Eligibility Trace

An eligibility trace is a tool utilized in reinforcement learning to assist with the challenge of credit assignment. Credit assignment is the task of determining which past actions should receive credit or blame for a current outcome. Eligibility traces help to solve this problem by storing recent actions that contribute to the outcome.

Memory Vector

An eligibility trace is represented as a memory vector $\textbf{z}\_{t}$ that is parallel to the long-term weight vector $\textbf{w}\_{t}$. The weight vector represents the policy that the reinforcement learning agent is using to make decisions.

When a component of $\textbf{w}\_{t}$ participates in generating an estimated value, the corresponding component of $\textbf{z}\_{t}$ is incremented. This process is repeated for each action that contributes to the outcome. The trace decay parameter $\lambda$ determines the rate at which the trace falls back to zero.

This memory vector helps to capture two important heuristics necessary for credit assignment: a frequency heuristic and a recency heuristic. The frequency heuristic states that states that are visited more often deserve more credit. In contrast, the recency heuristic suggests that recent actions should receive more credit.

Formula

The eligibility trace is updated using the following formula:

$$E\_{0}\left(s\right) = 0 $$ $$E\_{t}\left(s\right) = \gamma\lambda{E}\_{t-1}\left(s\right) + \textbf{1}\left(S\_{t} = s\right) $$

Here, $E\_{t}\left(s\right)$ refers to the eligibility of state $s$ at time $t$, and $\gamma$ represents the discount factor (i.e., how much future rewards are valued compared to immediate rewards).

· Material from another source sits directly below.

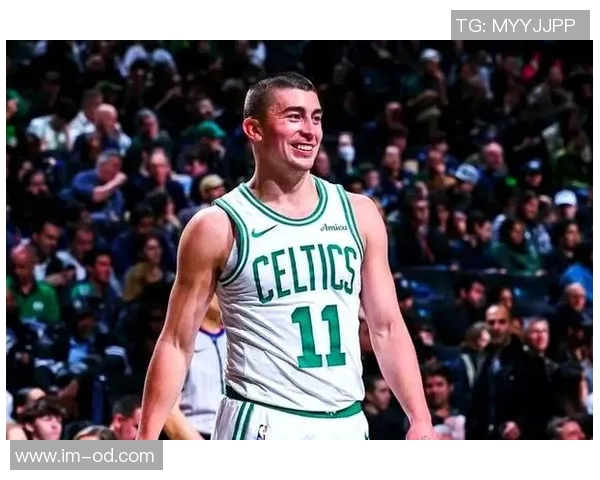 普理查德表现稳定半场8投4中贡献11分2篮板4助攻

Learning with Eligibility Traces

The use of eligibility traces allows the reinforcement learning agent to more effectively learn from past experiences. As the agent navigates an environment, it stores recent actions that contributed to the current outcome. When a new outcome occurs, it can use the eligibility traces to determine which actions should receive credit or blame. This information can then be used to adjust the policies used by the agent to make decisions. Over time, the agent's policies improve, leading to more successful outcomes in the environment.

Overall, eligibility traces are an important tool in the field of reinforcement learning. By storing information about past actions and their contributions to outcomes, they can help agents learn more effectively and make better decisions.